Regent’s lecturer explores how ‘obstinate memory’ affects documentary film practice

Lecturer in Directing, Dr Ken Fero, who leads the MA in Media & Digital Communications course at Regent’s, has conducted research on the importance of documentary film in helping to form collective memory, when dealing with trauma.  

The paper entitled 'Obstinate Memory: Documentary as trauma in disrupting state narratives on racial violence' has been published in Viewfinder Magazine by Learning on Screen - the British Universities and Colleges Film and Video Council. 

Positioning documentary practice in the context of the more transient nature of news and social media, the research explores how the role of the news is to report a crisis, whilst the role of documentary is to question the source of the crisis in depth. 

Focusing on state racialised violence, documented in Ken’s films such as Injustice and Ultraviolence, the research outlines how memory allows the emergence of patterns and the documenting of a modern history of social justice campaigns.  

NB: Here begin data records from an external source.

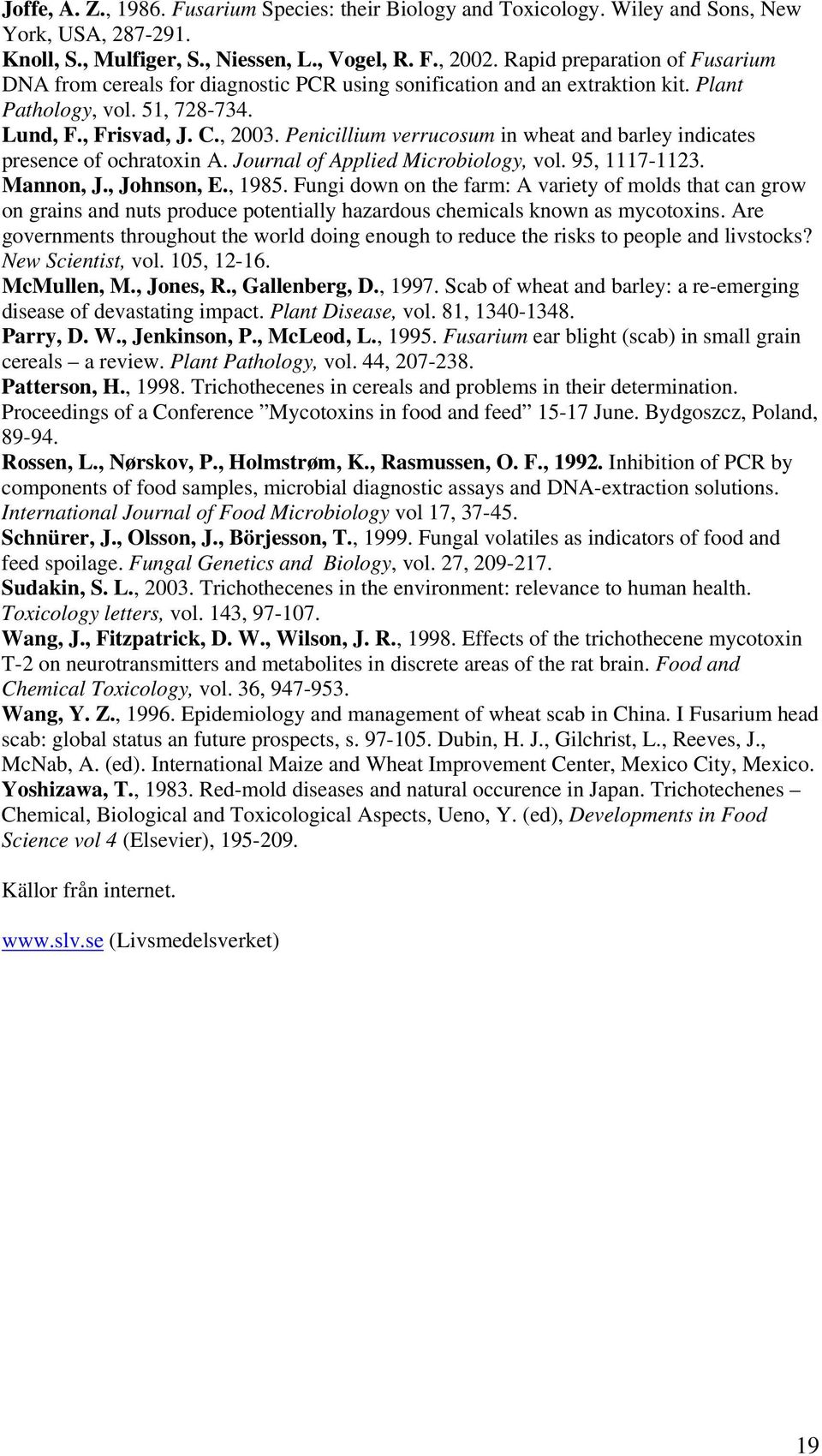 Penicillium verrucosum in wheat and barley indicates presence of ochratoxin A. Journal of Applied Microbiology, vol. 95, 1117-1123. Mannon, J., Johnson, E., 1985.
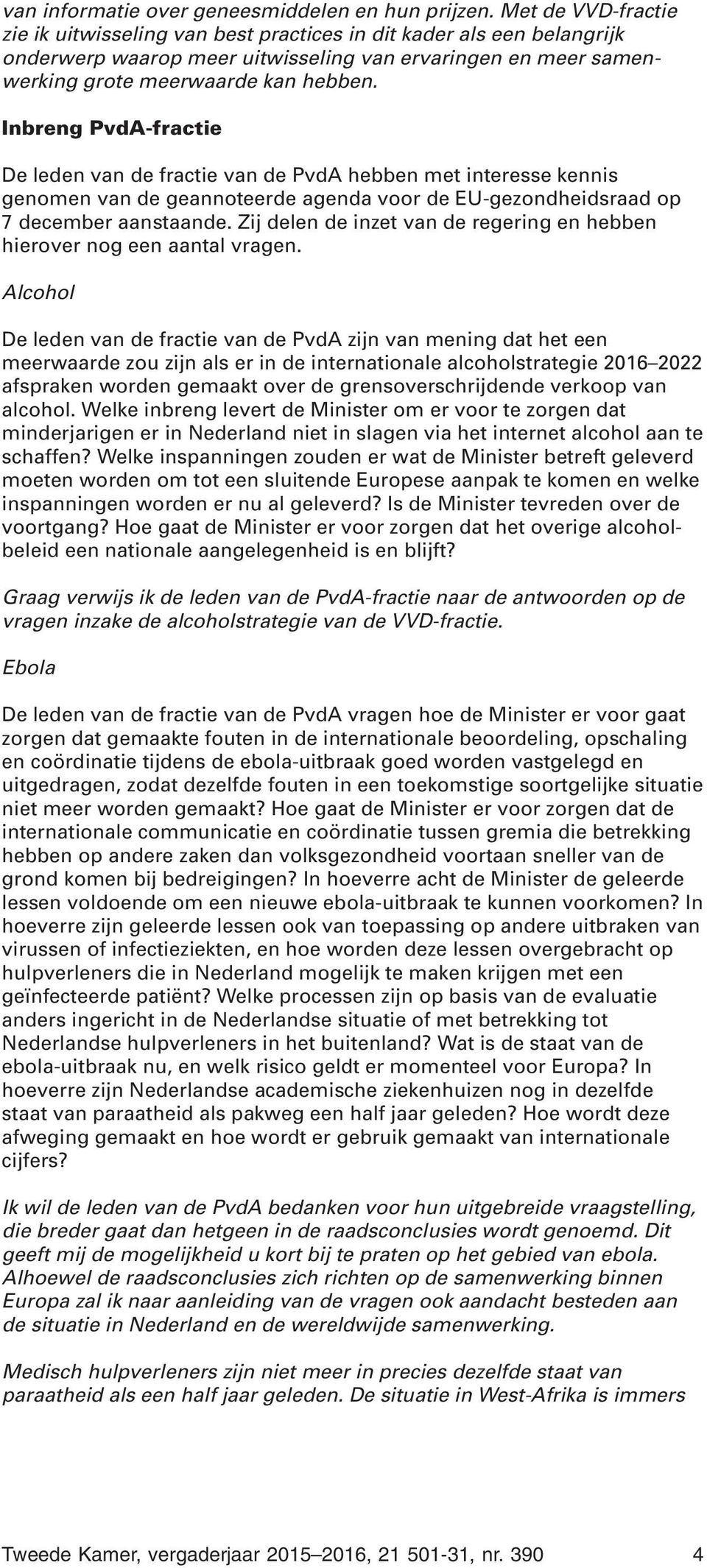 Inbreng PvdA-fractie De leden van de fractie van de PvdA hebben met interesse kennis genomen van de geannoteerde agenda voor de EU-gezondheidsraad op 7 december aanstaande.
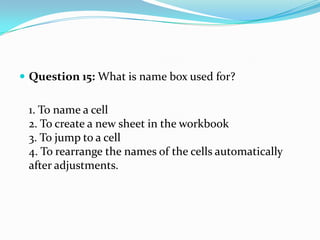  Question 15: What is name box used for?


 1. To name a cell
 2. To create a new sheet in the workbook
 3. To jump to a cell
 4. To rearrange the names of the cells automatically
 after adjustments.
 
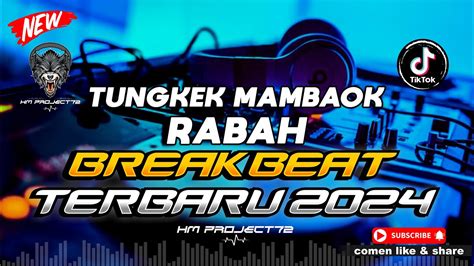 Dj Tungkek Mambaok Rabah Breakbeat Dj Tiktok Viral Terbaru 2024 Youtube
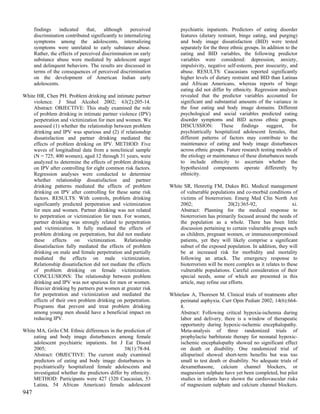 findings    indicated     that,   although     perceived         psychiatric inpatients. Predictors of eating disorder
      discrimination contributed significantly to internalizing        features (dietary restraint, binge eating, and purging)
      symptoms among the adolescents, internalizing                    and body image dissatisfaction (BID) were tested
      symptoms were unrelated to early substance abuse.                separately for the three ethnic groups. In addition to the
      Rather, the effects of perceived discrimination on early         eating and BID variables, the following predictor
      substance abuse were mediated by adolescent anger                variables were considered: depression, anxiety,
      and delinquent behaviors. The results are discussed in           impulsivity, negative self-esteem, peer insecurity, and
      terms of the consequences of perceived discrimination            abuse. RESULTS: Caucasians reported significantly
      on the development of American Indian early                      higher levels of dietary restraint and BID than Latinas
      adolescents.                                                     and African Americans, whereas reports of binge
                                                                       eating did not differ by ethnicity. Regression analyses
White HR, Chen PH. Problem drinking and intimate partner               revealed that the predictor variables accounted for
    violence. J Stud Alcohol 2002; 63(2):205-14.                       significant and substantial amounts of the variance in
    Abstract: OBJECTIVE: This study examined the role                  the four eating and body image domains. Different
    of problem drinking in intimate partner violence (IPV)             psychological and social variables predicted eating
    perpetration and victimization for men and women. We               disorder symptoms and BID across ethnic groups.
    assessed (1) whether the relationship between problem              DISCUSSION:         These     findings     suggest,    for
    drinking and IPV was spurious and (2) if relationship              psychiatrically hospitalized adolescent females, that
    dissatisfaction and partner drinking mediated the                  different patterns of factors may contribute to the
    effects of problem drinking on IPV. METHOD: Five                   maintenance of eating and body image disturbances
    waves of longitudinal data from a nonclinical sample               across ethnic groups. Future research testing models of
    (N = 725; 400 women), aged 12 through 31 years, were               the etiology or maintenance of these disturbances needs
    analyzed to determine the effects of problem drinking              to include ethnicity to ascertain whether the
    on IPV after controlling for eight common risk factors.            hypothesized components operate differently by
    Regression analyses were conducted to determine                    ethnicity.
    whether relationship dissatisfaction and partner
    drinking patterns mediated the effects of problem             White SR, Henretig FM, Dukes RG. Medical management
    drinking on IPV after controlling for these same risk             of vulnerable populations and co-morbid conditions of
    factors. RESULTS: With controls, problem drinking                 victims of bioterrorism. Emerg Med Clin North Am
    significantly predicted perpetration and victimization            2002;                   20(2):365-92,                 xi.
    for men and women. Partner drinking was not related               Abstract: Planning for the medical response to
    to perpetration or victimization for men. For women,              bioterrorism has primarily focused around the needs of
    partner drinking was strongly related to perpetration             the population as a whole. There has been little
    and victimization. It fully mediated the effects of               discussion pertaining to certain vulnerable groups such
    problem drinking on perpetration, but did not mediate             as children, pregnant women, or immunocompromised
    these     effects   on victimization. Relationship                patients, yet they will likely comprise a significant
    dissatisfaction fully mediated the effects of problem             subset of the exposed population. In addition, they will
    drinking on male and female perpetration and partially            be at increased risk for morbidity and mortality
    mediated the effects on male victimization.                       following an attack. The emergency response to
    Relationship dissatisfaction did not mediate the effects          bioterrorism will be more complex as it relates to these
    of problem drinking on female victimization.                      vulnerable populations. Careful consideration of their
    CONCLUSIONS: The relationship between problem                     special needs, some of which are presented in this
    drinking and IPV was not spurious for men or women.               article, may refine our efforts.
    Heavier drinking by partners put women at greater risk
    for perpetration and victimization and mediated the           Whitelaw A, Thoresen M. Clinical trials of treatments after
    effects of their own problem drinking on perpetration.            perinatal asphyxia. Curr Opin Pediatr 2002; 14(6):664-
    Programs that prevent and treat problem drinking                  8.
    among young men should have a beneficial impact on                Abstract: Following critical hypoxia-ischemia during
    reducing IPV.                                                     labor and delivery, there is a window of therapeutic
                                                                      opportunity during hypoxic-ischemic encephalopathy.
White MA, Grilo CM. Ethnic differences in the prediction of           Meta-analysis of three randomized trials of
    eating and body image disturbances among female                   prophylactic barbiturate therapy for neonatal hypoxic-
    adolescent psychiatric inpatients. Int J Eat Disord               ischemic encephalopathy showed no significant effect
    2005;                                      38(1):78-84.           on death or disability. One randomized trial of
    Abstract: OBJECTIVE: The current study examined                   allopurinol showed short-term benefits but was too
    predictors of eating and body image disturbances in               small to test death or disability. No adequate trials of
    psychiatrically hospitalized female adolescents and               dexamethasone, calcium channel blockers, or
    investigated whether the predictors differ by ethnicity.          magnesium sulphate have yet been completed, but pilot
    METHOD: Participants were 427 (320 Caucasian, 53                  studies in infants have shown the cardiovascular risks
    Latina, 54 African American) female adolescent                    of magnesium sulphate and calcium channel blockers.
947
 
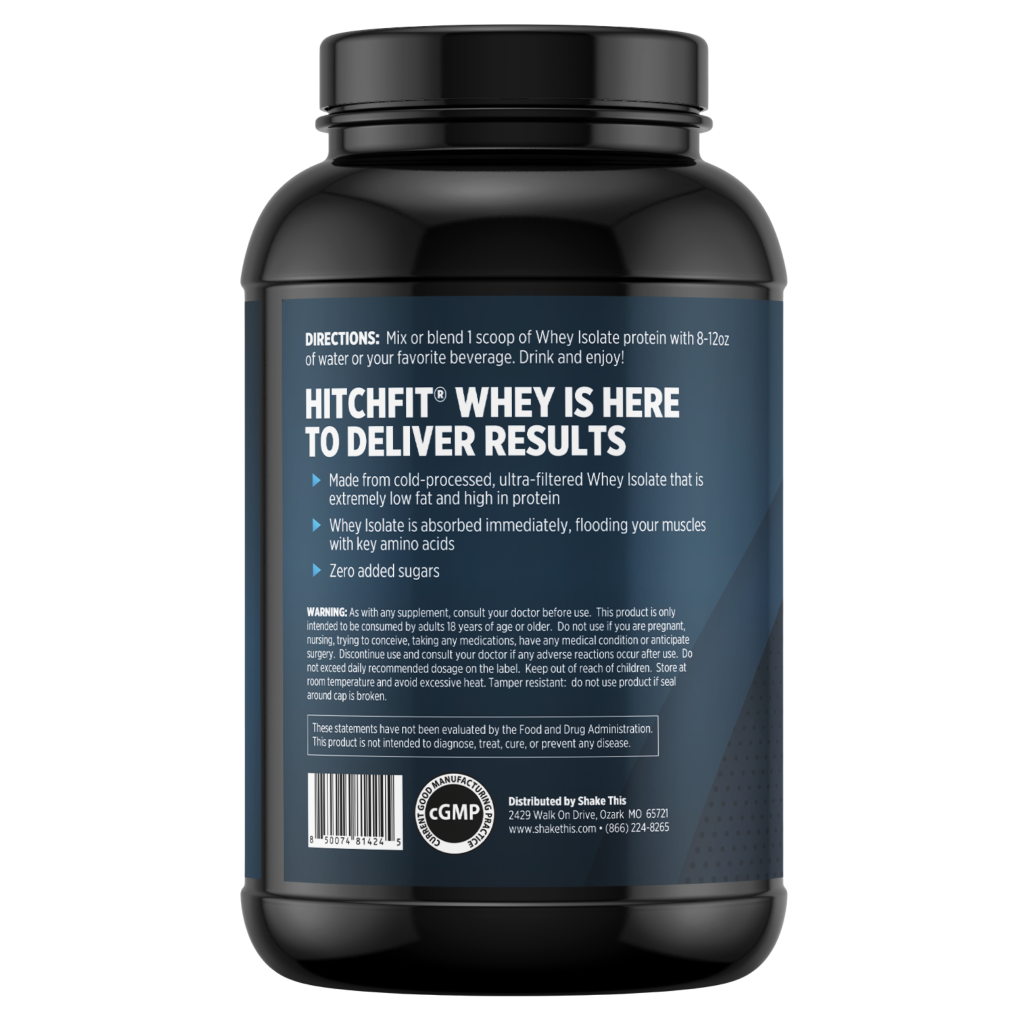Back label of Hitch Fit Supplements Whey Isolate Protein Powder showing mixing directions and benefits, including cold-processed filtration and zero added sugars.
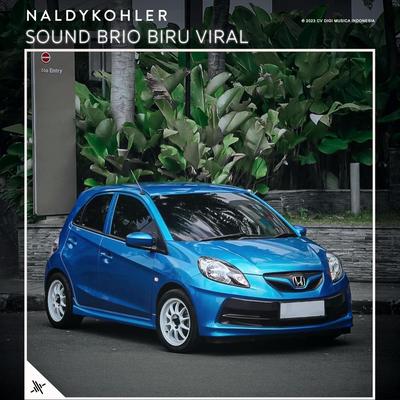 Sound Brio Biru Viral By Naldykohler's cover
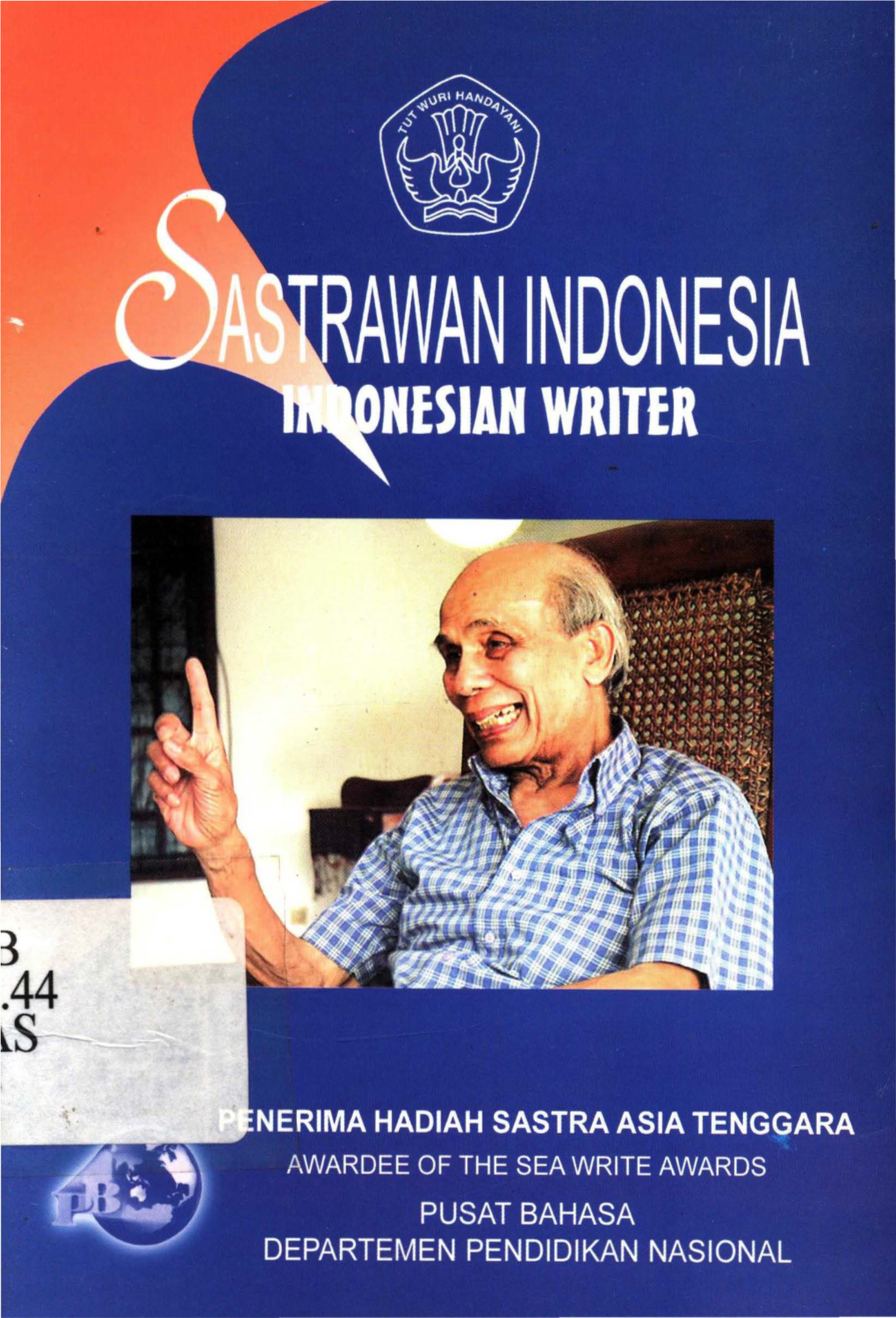 SITOR SITUMORANG Pcnerima Hadiah Sastra Asia Tenggara 2006 Awardee of the S.E.A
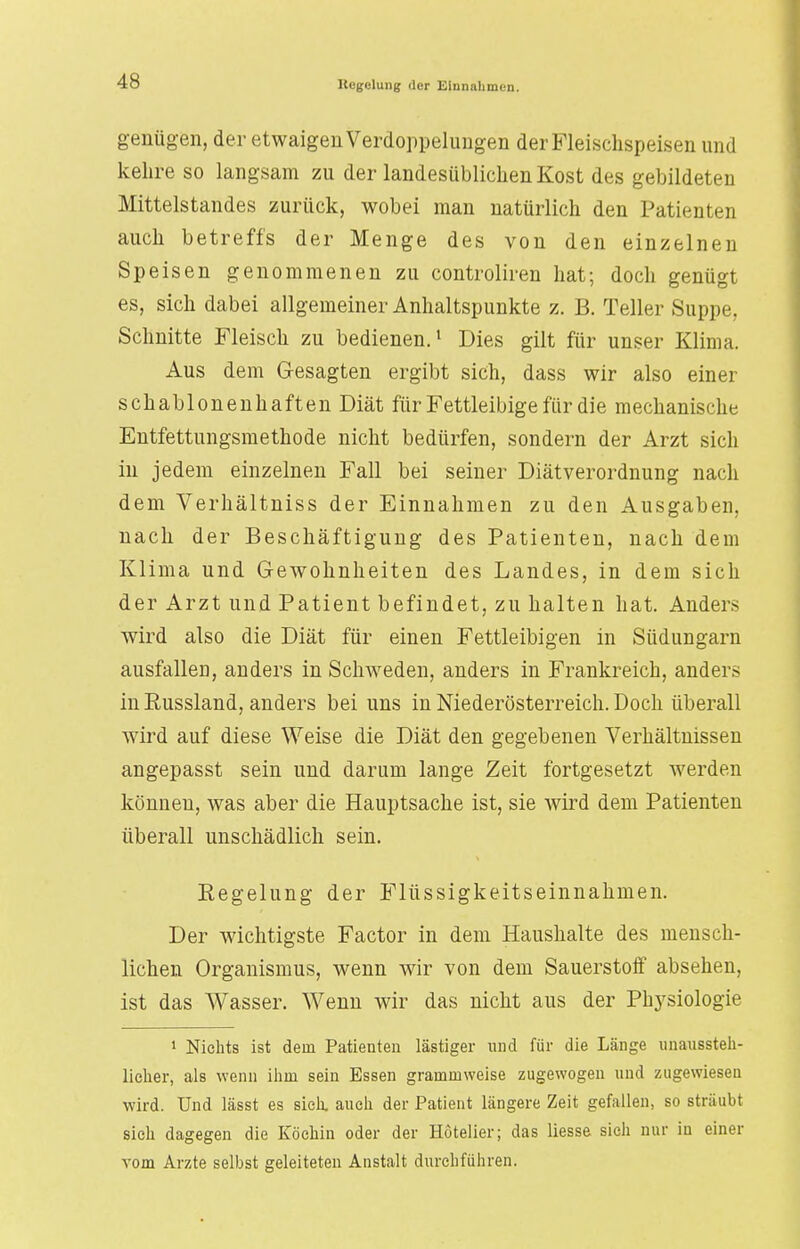 genügen, der etwaigen Verdoppelungen der Fleischspeisen und kehre so langsam zu der landesüblichen Kost des gebildeten Mittelstandes zurück, wobei man natürlich den Patienten auch betreffs der Menge des von den einzelnen Speisen genommenen zu controliren hat; doch genügt es, sich dabei allgemeiner Anhaltspunkte z. B. Teller Suppe, Schnitte Fleisch zu bedienen.1 Dies gilt für unser Klima. Aus dem Gesagten ergibt sich, dass wir also einer schablonenhaften Diät für Fettleibige für die mechanische Entfettungsmethode nicht bedürfen, sondern der Arzt sich in jedem einzelnen Fall bei seiner Diätverordnung nach dem Verhältniss der Einnahmen zu den Ausgaben, nach der Beschäftigung des Patienten, nach dem Klima und Gewohnheiten des Landes, in dem sich der Arzt und Patient befindet, zu halten hat. Anders wird also die Diät für einen Fettleibigen in Südungarn ausfallen, anders in Schweden, anders in Frankreich, anders in Russland, anders bei uns in Niederösterreich. Doch überall wird auf diese Weise die Diät den gegebenen Verhältnissen angepasst sein und darum lange Zeit fortgesetzt werden können, was aber die Hauptsache ist, sie wird dem Patienten überall unschädlich sein. Regelung der Flüssigkeitseinnahmen. Der wichtigste Factor in dem Haushalte des mensch- lichen Organismus, wenn wir von dem Sauerstoff absehen, ist das Wasser. Wenn wir das nicht aus der Ph}rsiologie 1 Nichts ist dein Patienten lästiger und für die Länge unaussteh- licher, als wenn ihm sein Essen grammweise zugewogen und zugewiesen wird. Und lässt es sich, auch der Patient längere Zeit gefallen, so sträubt sich dagegen die Köchin oder der Hotelier; das Hesse sich nur in einer vom Arzte selbst geleiteten Anstalt durchführen.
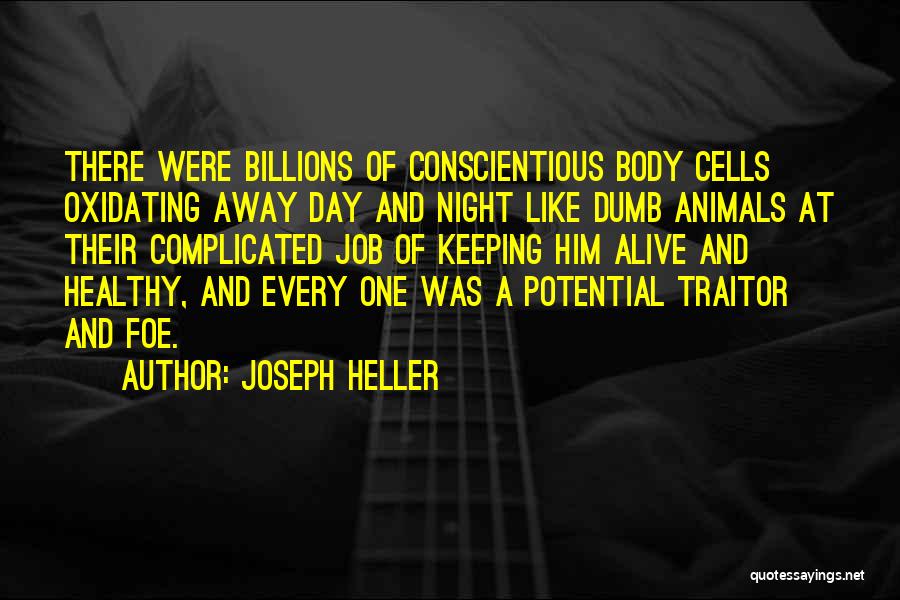 Joseph Heller Quotes: There Were Billions Of Conscientious Body Cells Oxidating Away Day And Night Like Dumb Animals At Their Complicated Job Of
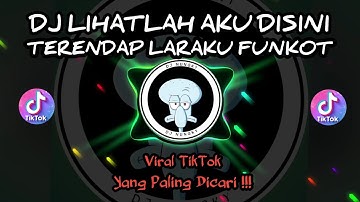 DJ LIHATLAH AKU DISINI -TERENDAP LARAKU FUNKOT || VIRAL TIKTOK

Dr Ken Fero states: ‘The role of documentary memory to release trauma and disrupt state narratives on racial violence cannot be underestimated. Now, a generation of young people have emerged who are questioning the very fundamentals of society. Whether it is Black Lives Matter, Extinction Rebellion or the #MeToo movement there is a growing interest in the social struggles of the past to learn lessons. Obstinate documentaries that focus on resistance, it seems, may be coming of age.’